Single by Annie

from the album Anniemal
- B-side: "Kiss Me"
- Released: 29 November 2004
- Genre: Pop
- Length: 3:05
- Label: 679
- Songwriter(s): Annie; Svein Berge; Torbjørn Brundtland;
- Producer(s): Svein Berge; Torbjørn Brundtland;

Annie singles chronology
| "Chewing Gum" (2004) | "Heartbeat" (2004) | "Happy Without You" (2005) |

Alternative cover
- UK CD single #2

= Heartbeat (Annie song) =

2004 song by Annie

"Heartbeat" is a song by the Norwegian singer Annie from her first studio album, Anniemal (2004). She co-wrote the song with its producers, Svein Berge and Torbjørn Brundtland. It was released under the title "My Heart Beat" as the album's second single in 29 November 2004. The lyrics of "Heartbeat" describe finding new love at a nightclub, surrounded by close friends. The song received acclaim from music critics.

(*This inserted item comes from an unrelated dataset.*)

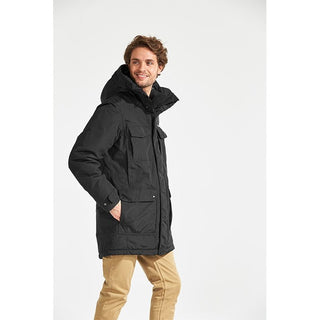 Didriksons Men’s Drew Parka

"Heartbeat" was listed at number one on Pitchforks top 50 singles of 2004 and at number 17 on its list of the top 500 songs of the 2000s. It was used in two scenes of the 2005 film Melissa P., based on the Italian writer Melissa Panarello's first novel.

==Composition==
"Heartbeat" is a pop song composed in F-sharp minor. It is written in common time and at a tempo of 128 beats per minute. The song uses a i-VI-iv-v chord progression. There is a key change in the chorus that puts the song in B minor before going back to F-sharp minor for the subsequent verse. Its lyrics narrate a night of going to clubs with friends. "Heartbeat" uses a drum beat which symbolizes a heartbeat and doubles its tempo when Annie's persona catches the attention of her romantic interest on the dancefloor.

==Critical reception==
"Heartbeat" received acclaim from music critics. Scott Plagenhoef's review for Pitchfork named it "the best song of the year" for being a "deceptively simple and surprisingly beautiful articulation of basic human need, beautifully encapsulating every element of human excitement". In his review for Rolling Stone magazine, Barry Walters remarked that the song "evokes your favorite punk/dance mash-up and betters it". For The Village Voice, Jody Rosen commented that the song's chorus "edges toward rock and a melody durable enough to withstand countless repeated listenings". Entertainment Weekly's Raymond Fiore referred to "Heartbeat" as an "indie-cred masterstroke".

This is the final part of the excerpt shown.